Deferred therapy is associated with improved overall survival in patients with newly diagnosed mantle cell lymphoma, according to a study published in the journal Cancer.1
Despite attempts to stratify patients with mantle cell lymphoma based on risk, most patients receive aggressive treatment at the time of diagnosis. Because previous research has demonstrated that a subset of patients may safely defer therapy, researchers at Emory University and the American Cancer Society in Atlanta, Georgia, sought to evaluate the role of deferred therapy in mantle cell lymphoma.
For the study, researchers analyzed data from 8029 patients with mantle cell lymphoma diagnosed between 2004 and 2011. Patients were categorized as having received deferred therapy (time from diagnosis to treatment, more than 90 days) or immediate therapy.

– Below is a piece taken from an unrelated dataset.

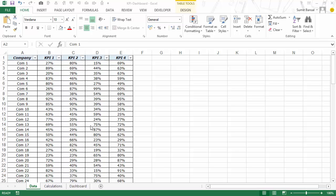Hello and welcome to the video by Trump Excel. I'm Sumit Bansal and this is the first video of a three-part video series on creating a KPI dashboard in Excel. Now let me show you the data that we would be using to create this dashboard.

Of the 8029 patients, 429 received deferred therapy with a median time to initial treatment of 121 days. Results showed that patients who deferred therapy were more likely to have stage I or II disease and extranodal involvement and were less likely to have B symptoms than patients who underwent immediate therapy.
In addition, researchers found that patients who opted for deferred therapy were more likely to be treated at a high-volume teaching or research institution and to reside in the Northeast or West region of the United States.
The study demonstrated that deferred therapy was an independent predictor of overall survival for all patients with mantle cell lymphoma. Among those who deferred therapy, male patients, those who were younger, and those who lacked comorbidities were more likely to have improved overall survival.
The findings suggest that deferred therapy is a safe option for select patients with this subtype of non-Hodgkin lymphoma, but further research is warranted to better determine the best candidates for this treatment approach.
1. Cohen JB, Han X, Jemal A, et al. Deferred therapy is associated with improved overall survival in patients with newly diagnosed mantle cell lymphoma [published online ahead of print May 6, 2016]. Cancer. doi:10.1002/cncr.30068.